Crossing Boundaries–Inquiry requires students to take courses outside their division. Santamarina explained that these courses "have been designed for the non-major with CAP outcomes in mind." So students outside of the School of Business Administration might satisfy the requirement by taking Introduction to Entrepreneurship.

Crossing boundaries is also how Bob Dylan makes it into academia.

English professor John McCombe studied British literature in grad school. He teaches a survey course on it at UD. But he also teaches a class on Bob Dylan.

"I've read every book on him," McCombe said. "Many of them are by academics — in literature, theology, communications, gender studies — so I thought a course on academic writing on his work would work."

His course is a great fit for CAP, with its emphasis on learning how to see something from the perspectives of several disciplines.

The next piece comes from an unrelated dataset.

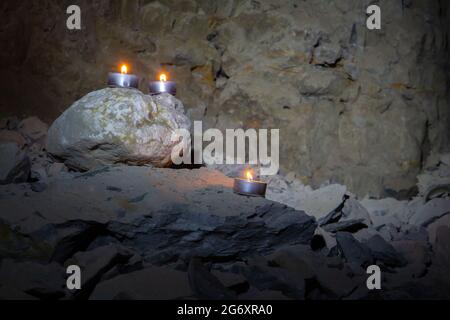 Drei Teelichtkerzen auf Felsen in einer Höhle Stockfoto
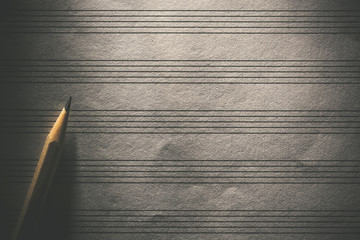 Pencil on the blank sheet music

"Born a Jew, Dylan converted to Christianity in the late 1970s, moving from being a counter-cultural icon to fundamentalism. And his early songs have numerous biblical references. So religious studies scholars were interested in him," McCombe said. "Dylan's connection to the civil rights movement of the 1960s interests social scientists. Songs with misogynist lyrics interest those in gender studies. In English, he's not technically a poet, but his lyrics have meaning to people in the same way that poetry does.

"I was crossing boundaries before I knew the term."

Like the new class on Dylan, a SEE course in sustainability research also fulfills the Crossing Boundaries–Integrative requirement. Doing the research, working with a group, preparing a presentation — "It's like a minor thesis. It gets you ready for graduate school," said Henger, who is now in Syracuse, New York, in the Forestry and Natural Resource Management Program at the State University of New York College of Environmental Science.

Electronic waste was the subject of Henger's UD research group: "Everybody has a phone. What happens when you're done with it?"

They found out. And it wasn't pretty: Third World children sorting electronic waste in toxic dumps. So, "we tried to change behavior," she said. For Sustainability Week, they educated others on the hazards of electronic waste and publicized the electronic waste bins on campus.

Nearing the end of her first year of graduate school, Henger is thinking of what her master's thesis might be.        

She also is thinking of the future beyond that. Her program is normally two years, but she's looking at combining her science degree with a master's in public administration. By connecting disciplines and looking at the world from different perspectives while at UD, she said, "I realized the role politics played in dealing with the environment. It was often more than research."

A University of Dayton education gets one ready for more than grad school.